- **EXERCISE GOAL**
Lines from the line with "Hyundai Santa Fe" to the line with "Peaches and Cream - Beverley van der Walt 3" in the entries below, and only those, must be output exactly, with both ends included.

- **RECORDS PROVIDED**
+ + + + +

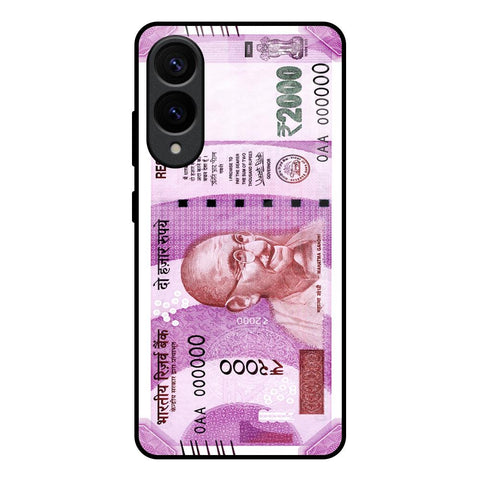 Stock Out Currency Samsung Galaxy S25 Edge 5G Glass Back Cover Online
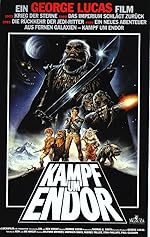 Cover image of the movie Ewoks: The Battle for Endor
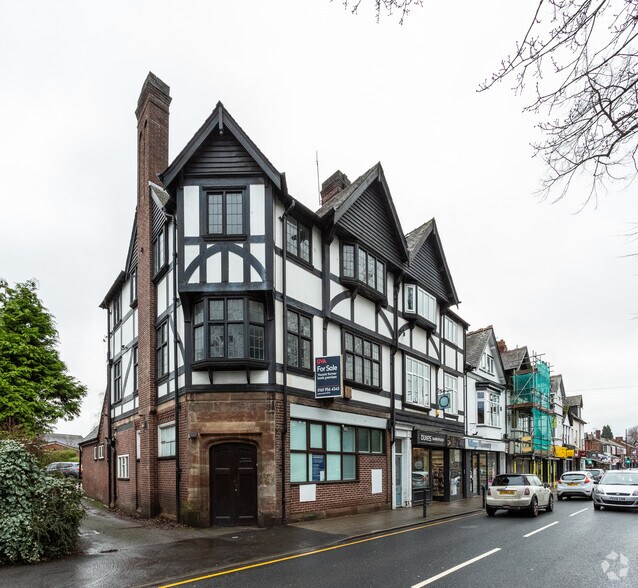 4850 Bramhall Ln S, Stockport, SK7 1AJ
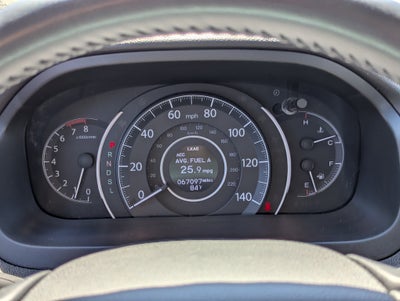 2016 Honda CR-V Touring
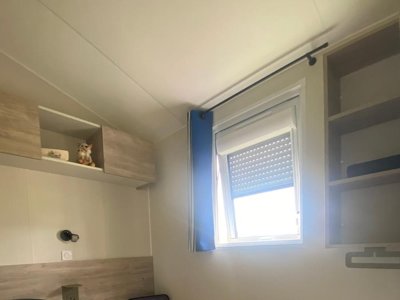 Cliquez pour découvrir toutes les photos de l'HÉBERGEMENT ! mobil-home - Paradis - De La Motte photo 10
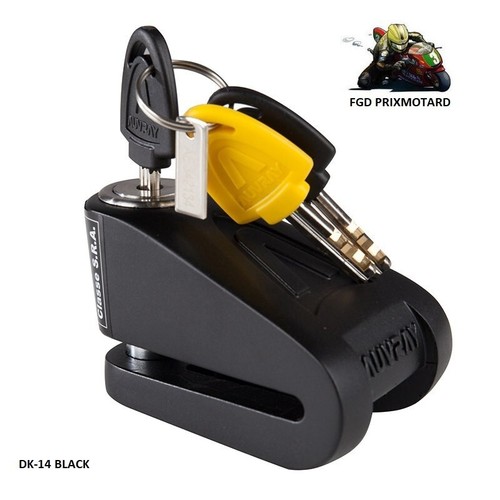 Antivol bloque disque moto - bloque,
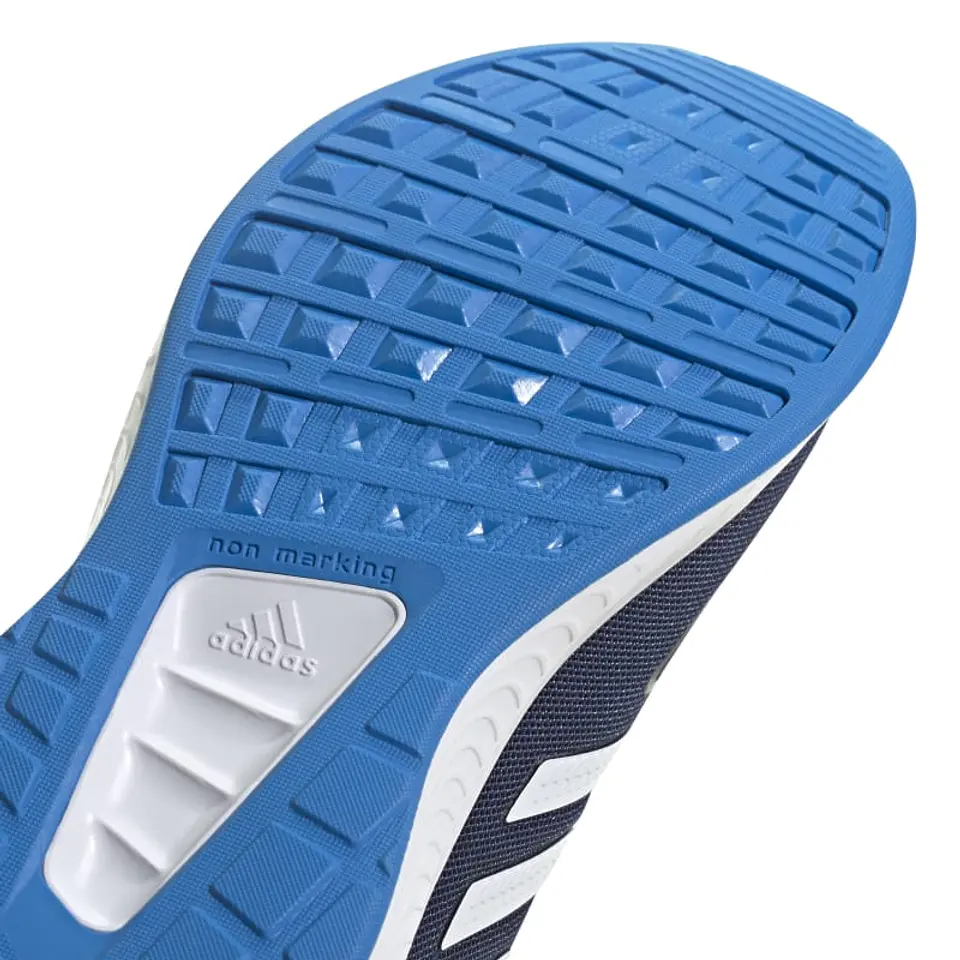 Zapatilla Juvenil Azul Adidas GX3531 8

+ + + + +

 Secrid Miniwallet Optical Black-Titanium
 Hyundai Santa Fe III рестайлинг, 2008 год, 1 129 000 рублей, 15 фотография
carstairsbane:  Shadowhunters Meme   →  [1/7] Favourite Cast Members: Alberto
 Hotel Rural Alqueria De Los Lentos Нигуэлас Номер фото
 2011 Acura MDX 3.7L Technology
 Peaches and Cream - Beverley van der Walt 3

+ + + + +

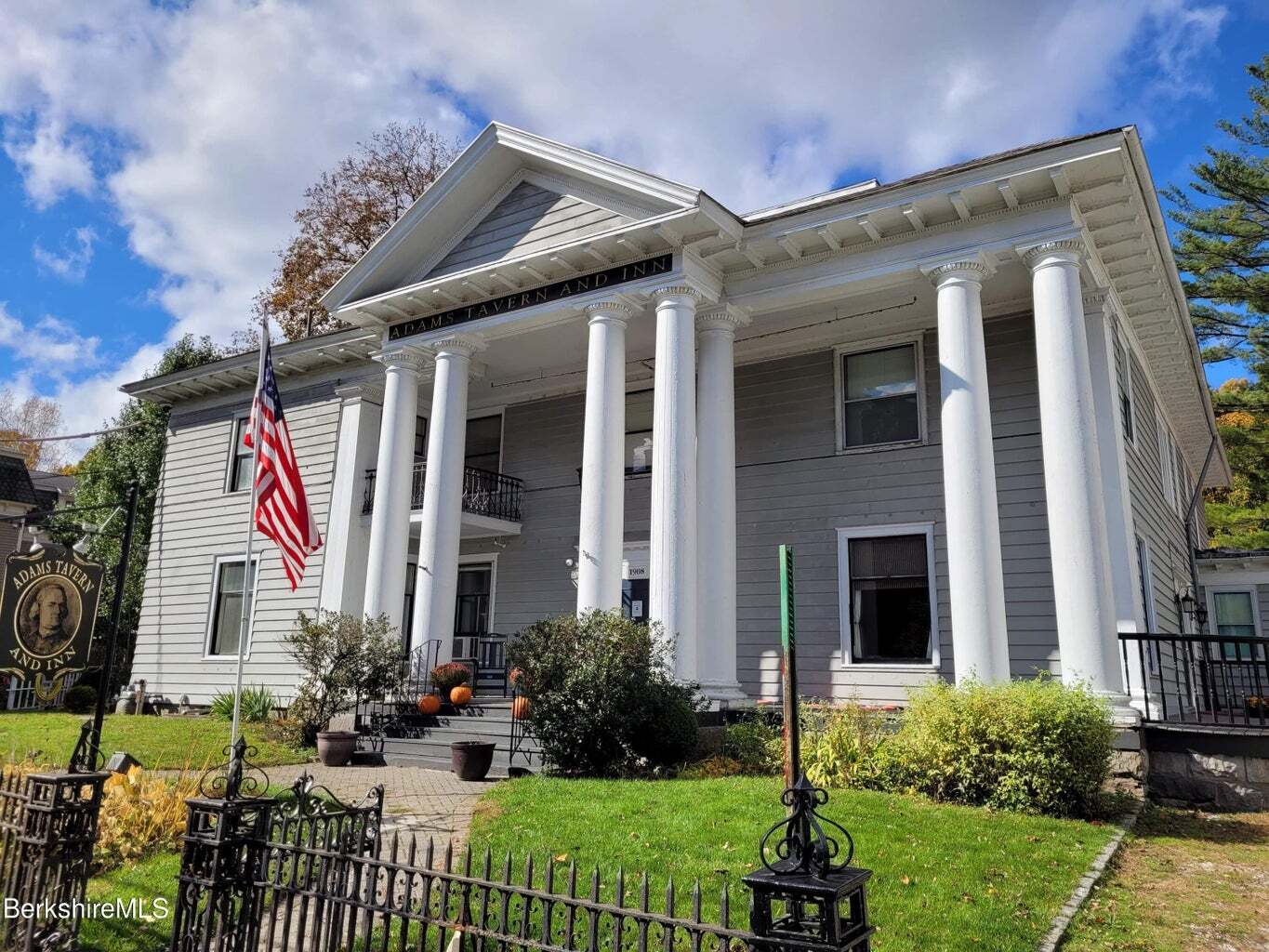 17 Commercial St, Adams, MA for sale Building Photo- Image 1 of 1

+ + + + +

- **RESPONSE TO THE EXERCISE**
 Hyundai Santa Fe III рестайлинг, 2008 год, 1 129 000 рублей, 15 фотография
carstairsbane:  Shadowhunters Meme   →  [1/7] Favourite Cast Members: Alberto
 Hotel Rural Alqueria De Los Lentos Нигуэлас Номер фото
 2011 Acura MDX 3.7L Technology
 Peaches and Cream - Beverley van der Walt 3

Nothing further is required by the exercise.